══ Information given ══
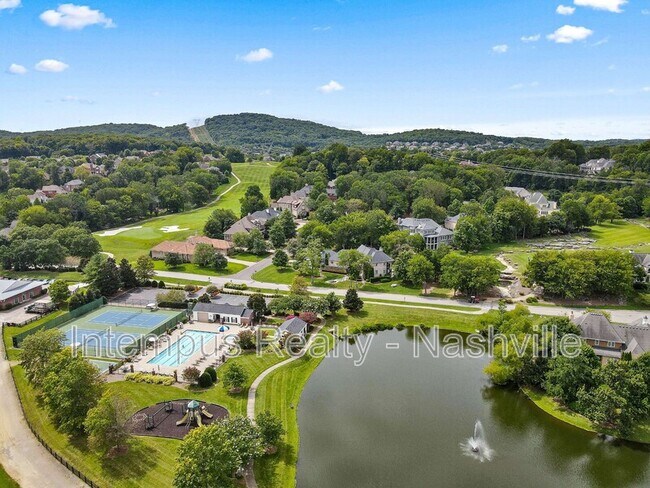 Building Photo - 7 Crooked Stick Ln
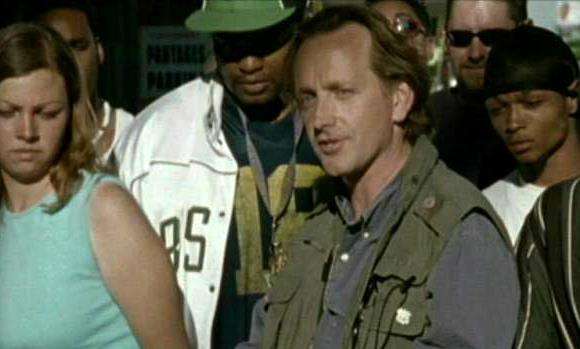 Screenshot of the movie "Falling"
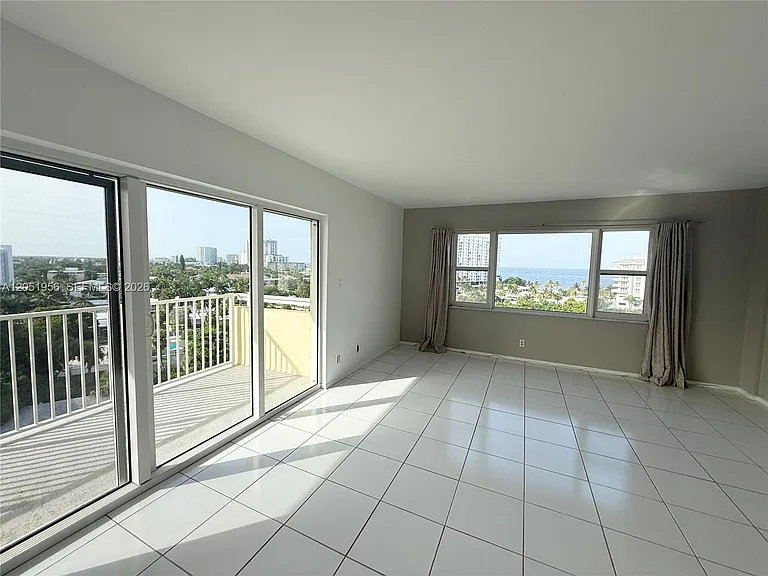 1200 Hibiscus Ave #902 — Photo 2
═══
══ Information given ══
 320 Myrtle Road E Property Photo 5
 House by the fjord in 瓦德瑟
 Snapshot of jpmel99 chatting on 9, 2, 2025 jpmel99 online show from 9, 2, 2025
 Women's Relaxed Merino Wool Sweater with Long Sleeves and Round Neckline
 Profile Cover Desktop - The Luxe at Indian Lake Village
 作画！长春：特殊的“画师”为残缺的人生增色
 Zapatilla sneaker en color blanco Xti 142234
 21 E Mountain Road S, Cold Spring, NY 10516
═══
══ Information given ══
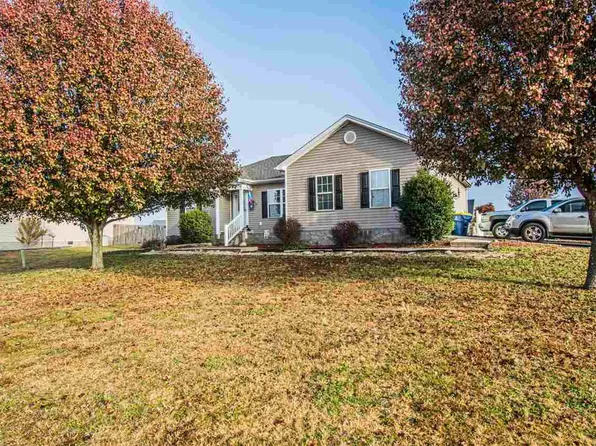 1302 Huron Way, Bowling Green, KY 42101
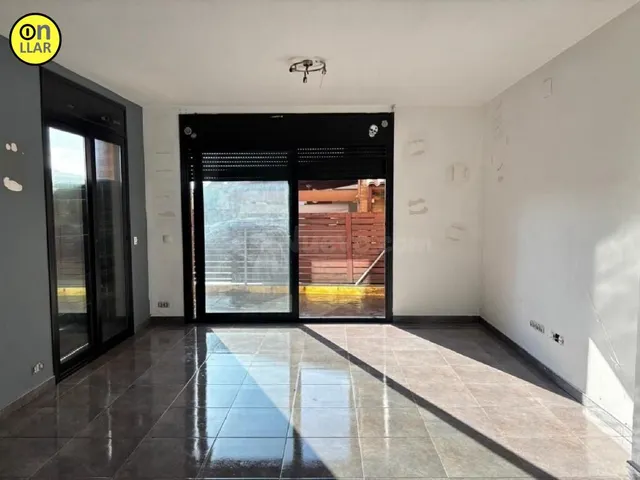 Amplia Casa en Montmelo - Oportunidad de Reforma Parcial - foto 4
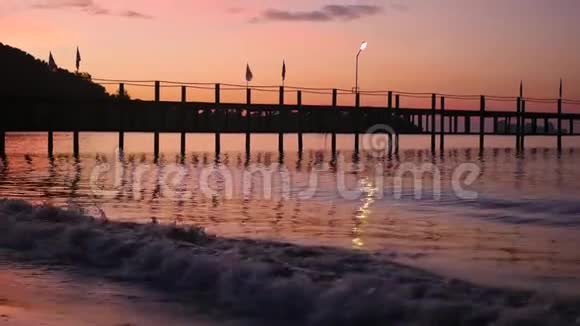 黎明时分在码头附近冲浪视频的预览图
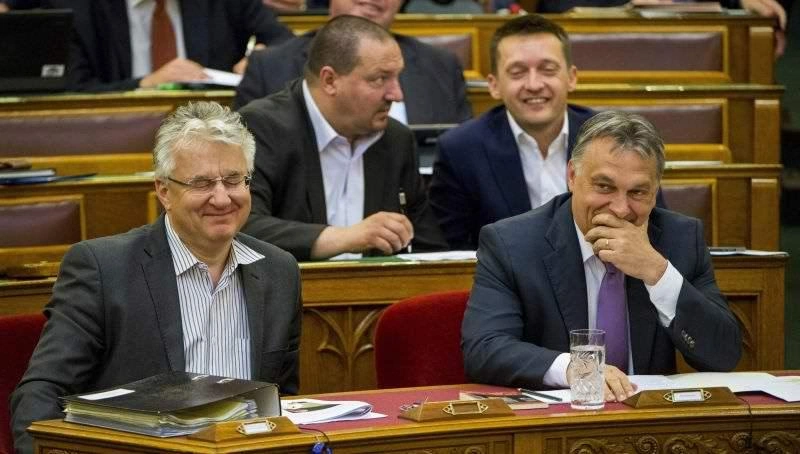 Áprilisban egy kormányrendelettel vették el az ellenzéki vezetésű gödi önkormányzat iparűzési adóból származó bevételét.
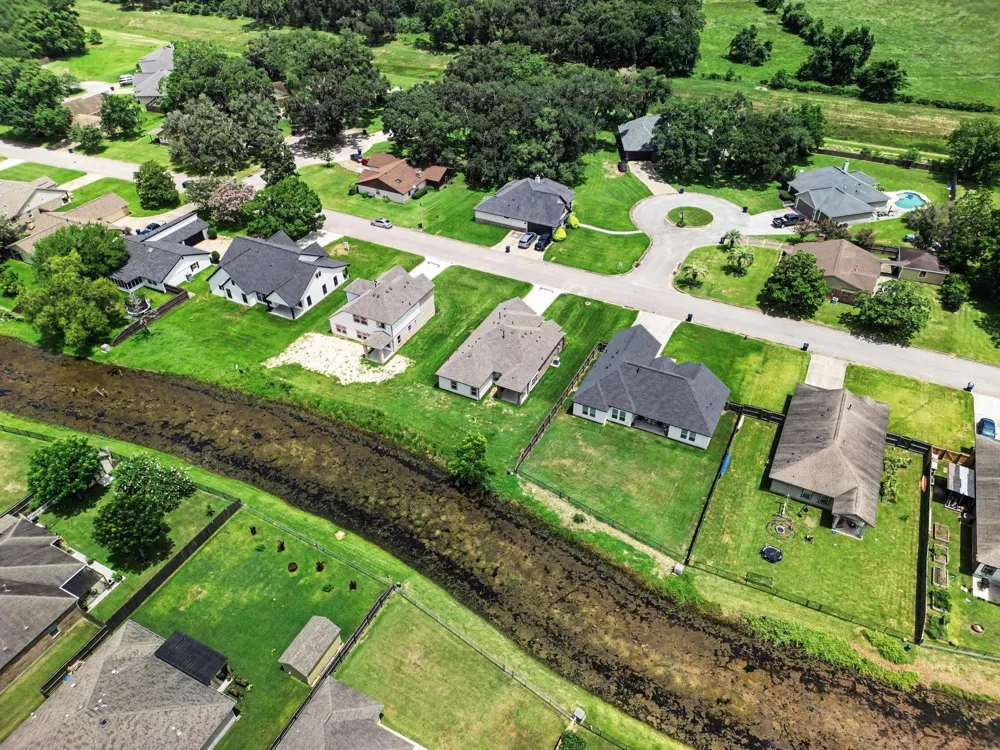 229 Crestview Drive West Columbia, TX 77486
═══
Directions:
Select every line in the records above that contains the word "Road".

Worked solution:
 320 Myrtle Road E Property Photo 5
 21 E Mountain Road S, Cold Spring, NY 10516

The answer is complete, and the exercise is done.